Tajani gela Salvini sugli extraprofitti: «Una parolaccia che sa di Unione Sovietica, sono contrarissimo»

Da Rimini arriva lo stop di Antonio Tajani alla tentazione di mettere mano agli extraprofitti delle grandi aziende energetiche. E il destinatario, inevitabilmente, è anche Matteo Salvini. Ventiquattr’ore dopo che il leader della Lega aveva rilanciato la necessità di chiedere un contributo a banche, assicurazioni, energetici e petroliferi, il segretario di Forza Italia traccia una linea rossa: contributi sì, ma soltanto se concordati con le imprese. Di tasse sugli extraprofitti, invece, non vuole neppure sentir parlare.

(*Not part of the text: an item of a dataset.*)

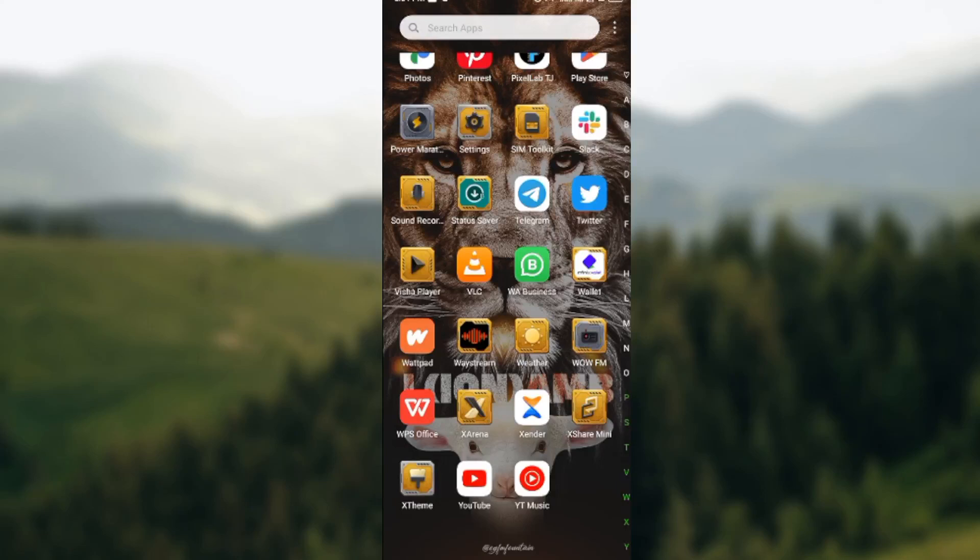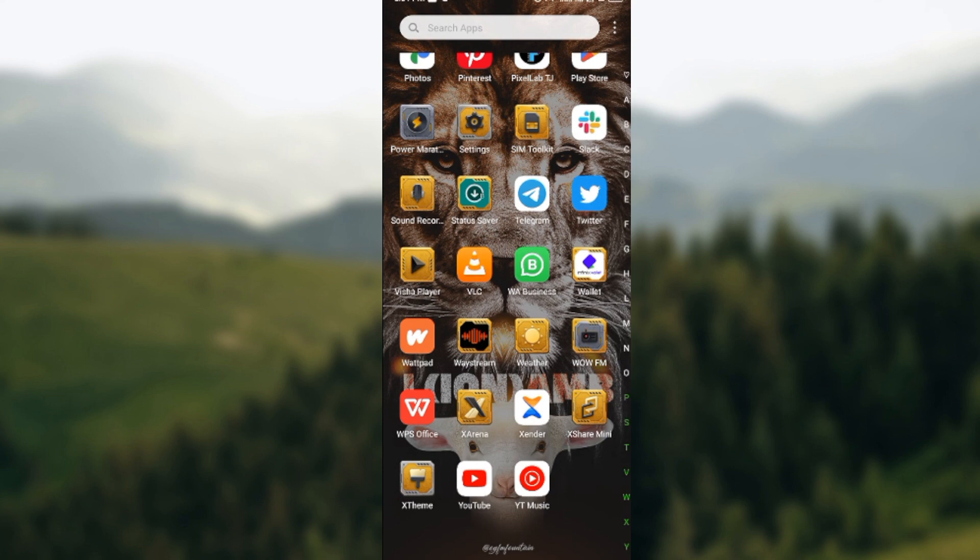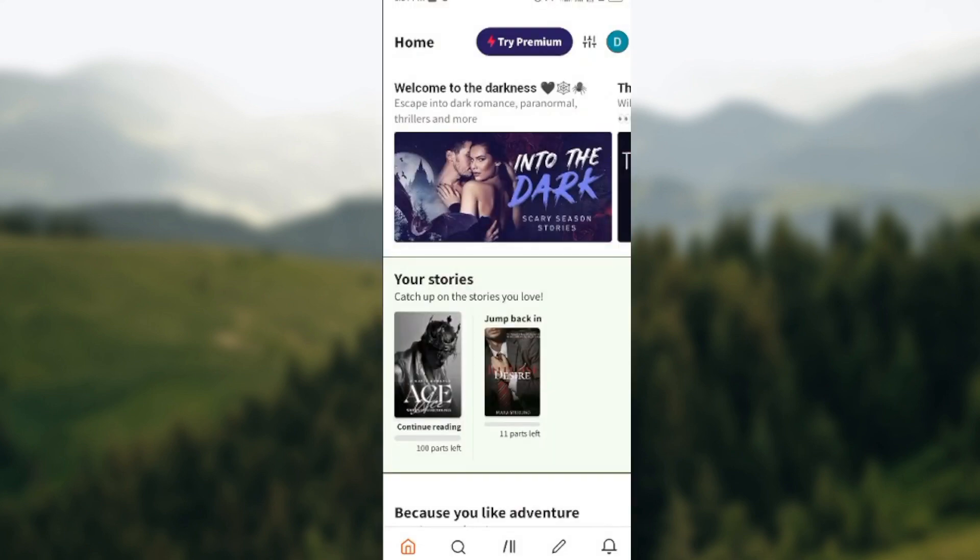Hi everyone, welcome to today's tutorial. Today we'll be learning how to turn off or turn on dark mode on Wattpad. The first thing to do is to open your Wattpad app.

«Io sono contrarissimo a qualsiasi ipotesi di extraprofitto, di tasse. Quando sento la parola tasse mi viene l’orticaria», scandisce il vicepremier arrivando al Meeting di Rimini. Poi rincara la dose: «Non voglio sentire la parola extraprofitto, che mi sa molto di Unione Sovietica».
Tajani: «Chi decide cos’è un extraprofitto?»
La questione non è soltanto lessicale. Tajani contesta alla radice l’idea stessa di individuare per legge una quota di utili da considerare “extra”: «Non esiste in diritto l’extraprofitto. Chi decide? Un burocrate decide dove finisce il profitto e dove comincia l’extraprofitto? Che cos’è l’extraprofitto? È una parolaccia», attacca il leader azzurro.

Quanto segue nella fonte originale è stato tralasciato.